Introduction
Primary Sjögren’s syndrome is a rare systemic autoimmune disease characterized by impairment of the secretory functions of the exocrine glands [
1]. It is mainly characterized by the association of a triad of symptoms (dryness, pain, and asthenia), of which ocular and oral dryness are associated with a deterioration in the quality of life [
2,
3]. Sjogren’s syndrome is said to be “associated” when it is associated with other systemic autoimmune diseases (such as rheumatoid arthritis, systemic lupus erythematosus, or systemic sclerosis). Finally, dryness may exist without a diagnosis of Sjögren’s syndrome. It effects around 22% of the population, with an increase in prevalence according to age [
4].
Dry mouth represents a true issue in terms of oral health: hyposialia is indeed associated with an increased risk of oral diseases (candidiasis, dental caries, dental erosion) [
3] and a lower oral quality of life [
5]. The dentist therefore has a key role to play in the detection of dry mouth and primary Sjögren’s syndrome and implementation of adapted prevention of oral risks in these patients. However, there is little information in the literature on the role of dentists, the main providers of oral health care, in the diagnosis and management of these patients.

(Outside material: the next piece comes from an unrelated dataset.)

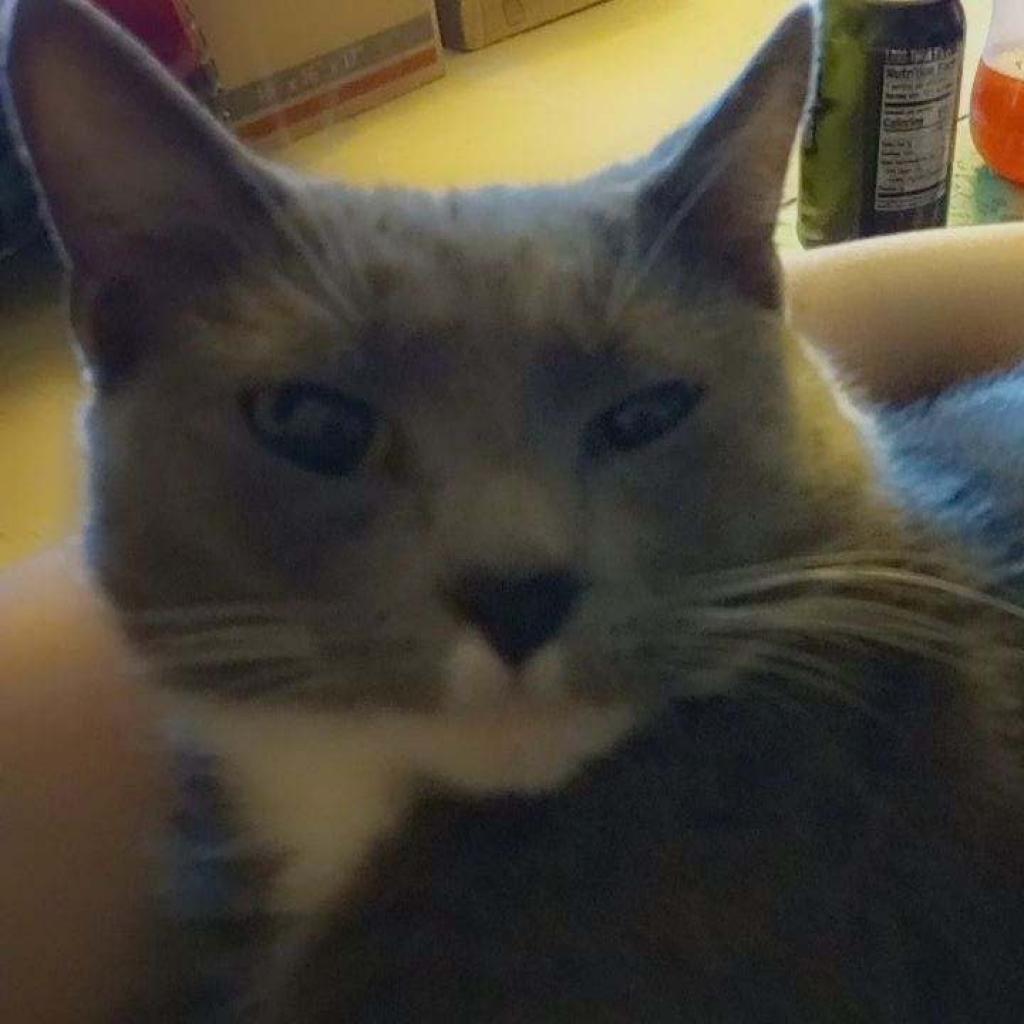 Enlarge Lola, a Adoptable Domestic Short Hair in Lynchburg, VA image 1/2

The impact of primary Sjögren’s syndrome on patients’ quality of life has been explored in quantitative studies using questionnaires, such as the SF-36 (The short Form Health Survey in 36 items), assessing the general health-related quality of life, and the OHIP-14 or − 49 (Oral Health Impact Profile in 14 or 49 items), assessing the oral health-related quality of life. These studies showed deterioration in the health-related quality of life for patients with oral dryness [
2]. Qualitative studies based on the analysis of structured interviews have provided additional information by exploring the experience of patients with primary Sjögren’s disease. They highlight the physical consequences of dry mouth already described in the literature (difficulty in moving the lips and mouth, partial or total loss of taste and smell, difficulty in eating, swallowing, and speaking), without succeeding in measuring the impact of dry mouth on the quality of life of the patients, the symptoms being experienced as an inseparable whole [
6‐
8].
Here, we aimed to evaluate the experience of patients with dry mouth in the context of dry mouth syndrome and the importance of dentists in the diagnosis and specific management of dry mouth of patients with Sjögren’s disease through a survey co-constructed with the French Patient Association (Association Française du Gougerot-Sjögren et des Syndromes Secs, AFGS).
Methods
Design of the study
A collaboration was established between Professor Marjolaine Gosset (MG), who runs a specialized oral medicine consultation at the Charles Foix Hospital for patients suffering from dry mouth, and the French Association of Gougerot Sjögren and Dry Syndromes (AFGS) to conduct a national cross-sectional survey among members of the AFGS.
Study population
The survey was distributed by the AFGS to its members (2400 in 2020, 96% of whom said they had Sjögren’s or Sicca’s syndrome). It was also available to non-members. To answer the questionnaire, people had to declare that they had primary Sjögren’s, secondary Sjögren’s, or Sicca syndrome (no other choice possible).
Data collection
A semi-structured questionnaire containing 27 questions was developed by MG and five patients from the AFGS. The questionnaire was divided into six sections, as follows: 1) the patient’s profile (gender, age, medical diagnosis, most disabling symptom); 2) the participant’s experience of dry mouth and treatments used to manage it (intensity of dryness, use of pilocarpine or local dry mouth devices, effectiveness of treatment); 3) the characteristics of experienced oral health problems (caries, tooth wear, gum disease, dental care failures, difficulties in wearing removable prostheses, dental implant failures, mouth ulcers, candidiasis, oral pain, taste alterations, halitosis, gastro-esophageal reflux); 4) the effects of dry mouth and its consequences on quality of life (discomfort, quality of sleep, discomfort in social life, concern about the evolution of the mouth, concern about the costs of care); 5) an evaluation of the role of the dentist in the screening of Sjogren’s Syndrome (diagnostic approach following the declaration of a dry mouth by the patient, severity of oral damage as a warning sign); and 6) the management of Sjögren’s syndrome by the dentist (information on the consequences of dryness on oral health, prescription of adequate materials and products, follow-up advice).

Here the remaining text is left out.